The truly important lesson here is that from an online perspective, "mom" serves as a bridge between communities and cultures. Moms care about everything. They talk about everything. They buy nearly everything. They vote on everything. And they're not shy about sharing opinions. However, moms also use their blogs to discuss their unique interests beyond their kids and what's on Oprah. They network with the best of them, and many have relationships far beyond the mom-o-sphere.
This is the thing most online marketers miss - they try to fit online moms into a ready-made demographic designed to assess acceptance of a cleaning product. Try to pitch an online mom to write about an exciting new furniture polish, and you get what you deserve.
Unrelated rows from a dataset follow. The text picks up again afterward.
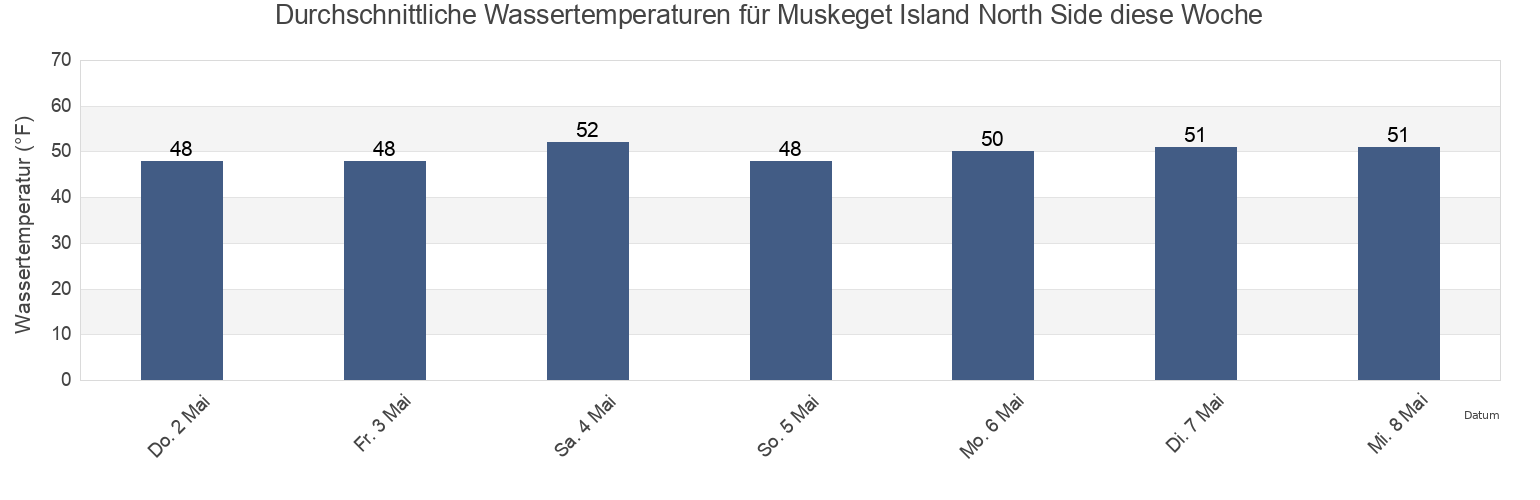 Wassertemperatur in Muskeget Island North Side, Nantucket County, Massachusetts, United States für die Woche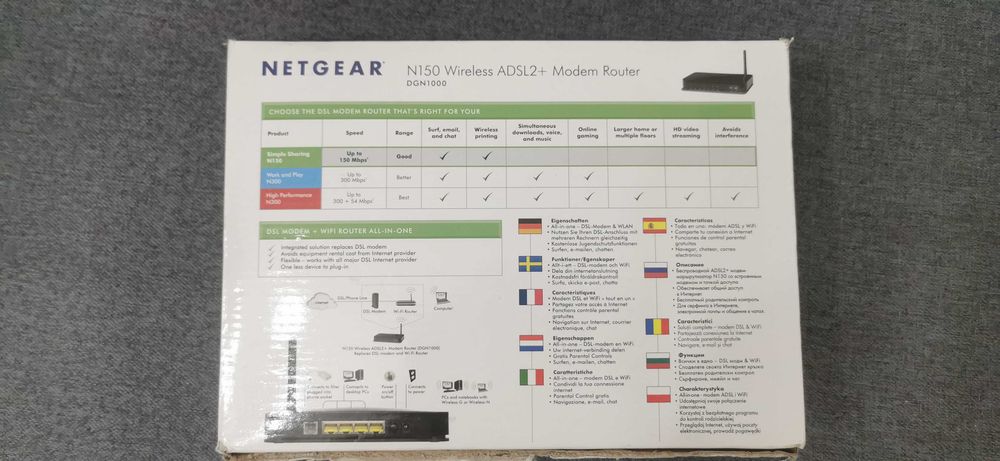 Netgear N150 Wireless DGN 1000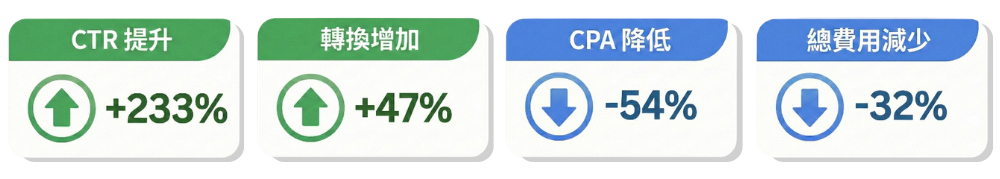 卓峰室內設計廣告成效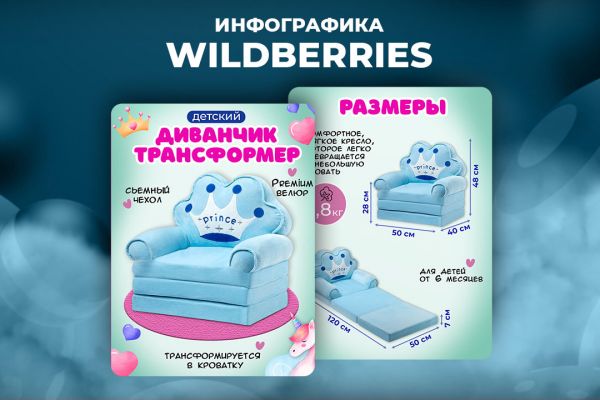 Дизайн карточек Вайлдберриз, Озон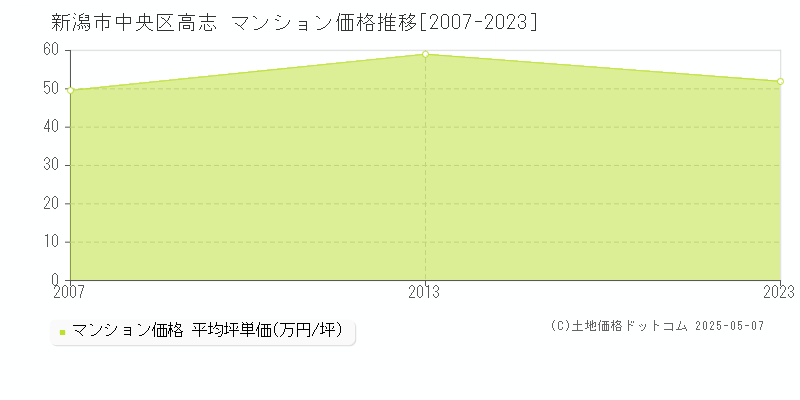 高志(新潟市中央区)のマンション価格推移グラフ(坪単価)[2007-2023年]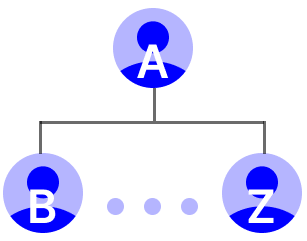 unilevel MLM Structure Diagram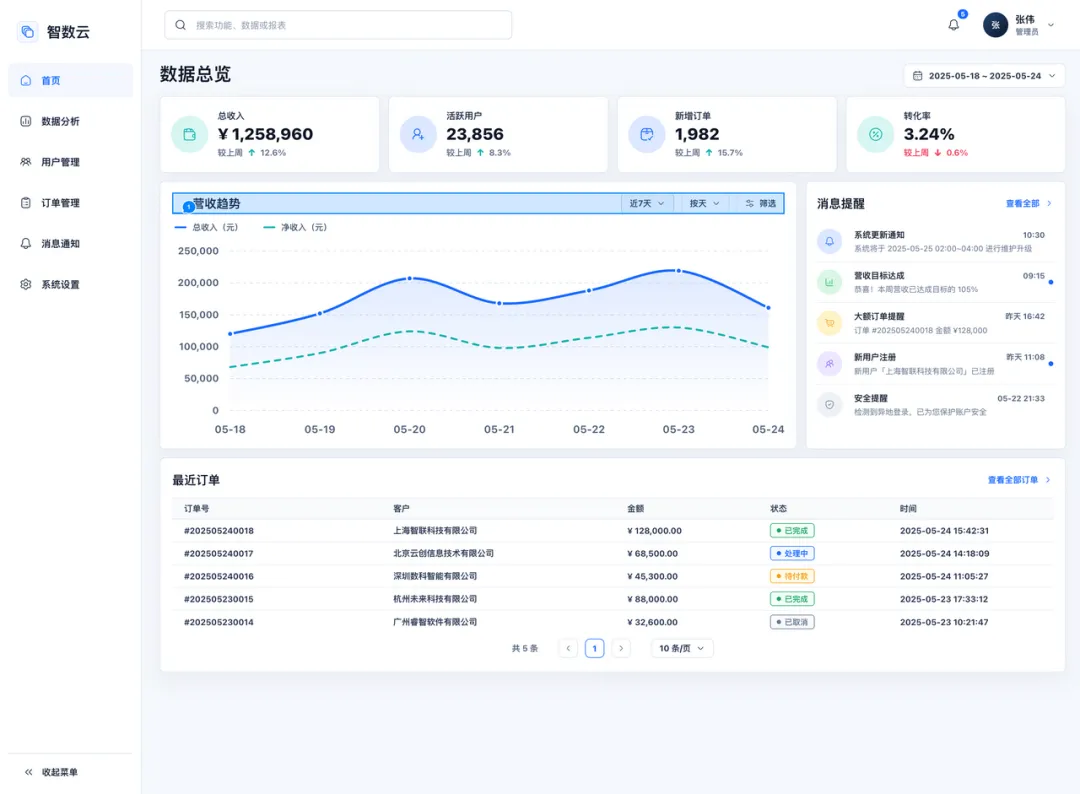 用AI生成的图标不高级?试试这10个大厂设计师私藏图标库!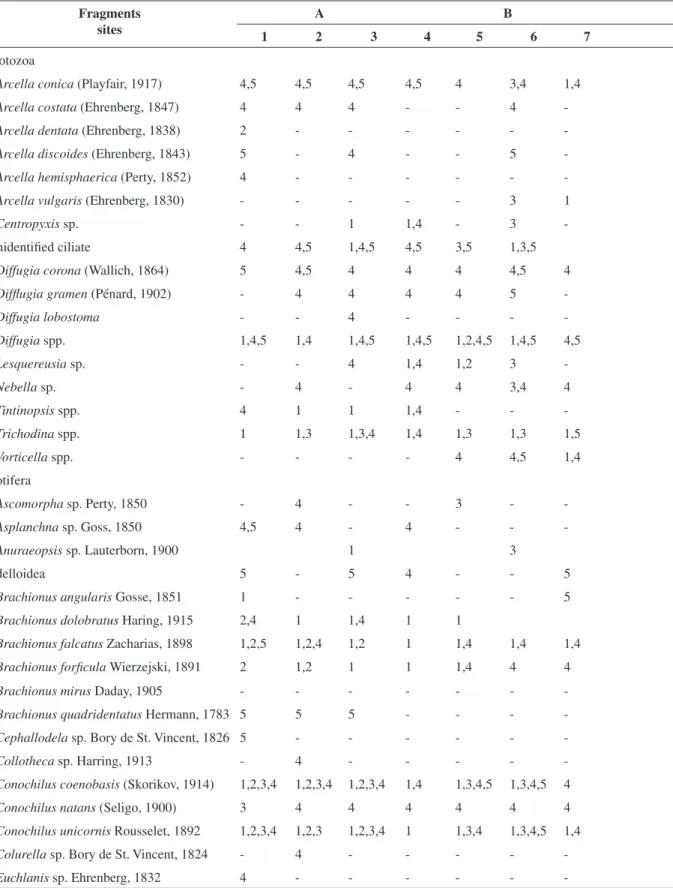 Table 2. Ocurrence of zooplanktonic taxa in each site (1 to 12) and fragment (A to D) of Coqueiral Lake in April (1), July  (2) and October (3) 2000 and February (4) and May (5) 2001, and respective constancy indexes (CI 1  to CI 5 ; TCI: for all the  five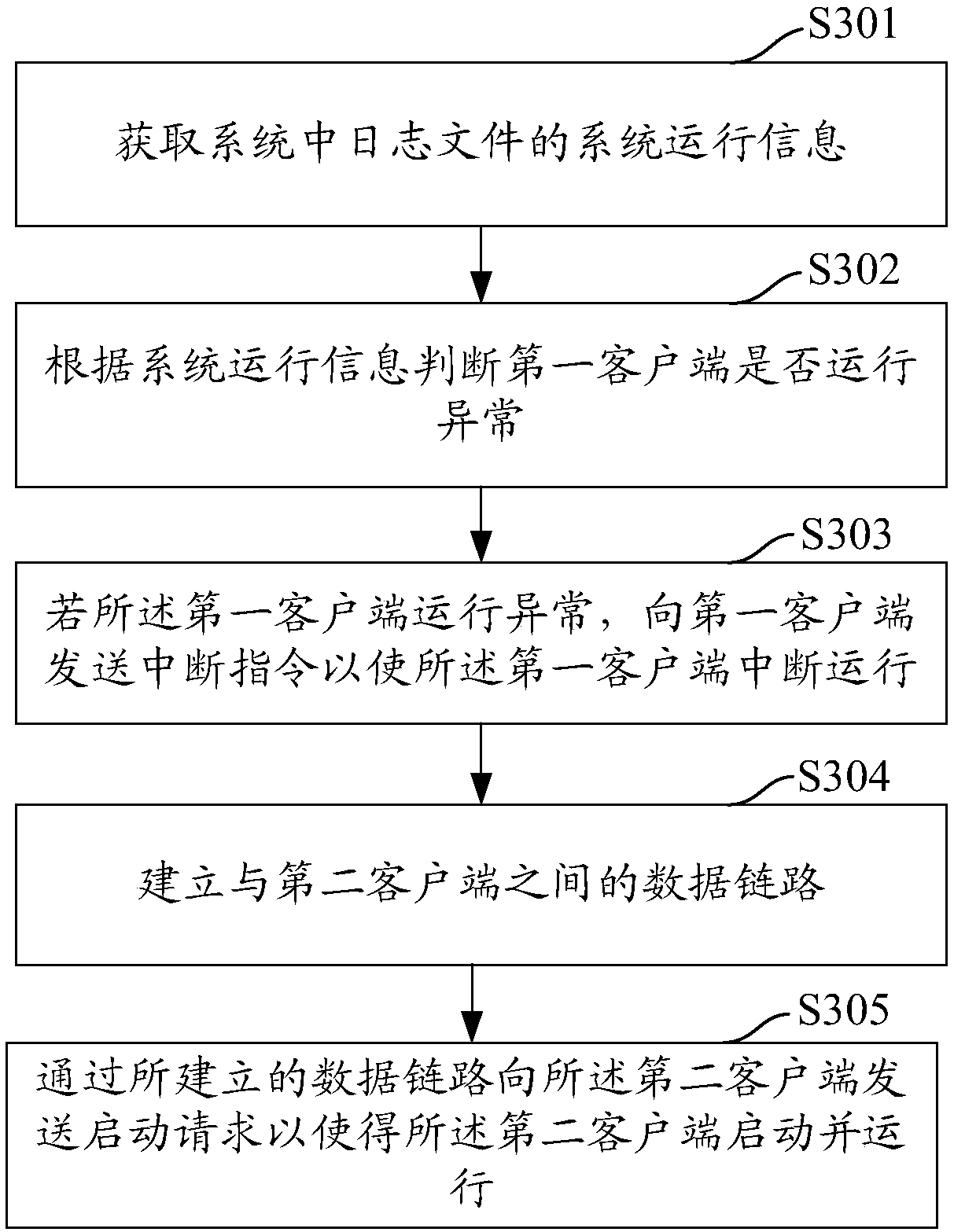 Data exchange management method and system based on dual machine disaster recovery backup safeguard mechanism, terminal and computer readable storage medium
Engage a mom on the issues she writes about, and you've opened a door to multiple communities.
Saturday I noticed that Liza Sabater from techPresident is linking to Jenn Satterwhite at Mommy Needs Coffee - a gamer and mom in Dallas with a large audience who happens to really like Michelle Obama. Satterwhite isn't really overtly political, but she's very influential and opens a door for smart and strategic political operatives to reach new communities, forge new relationships and alliances, and build coalitions.
1 comment:
"From an online perspective, 'mom' serves as a bridge between communities and cultures."
This is a brilliant insight and frames the issue concisely.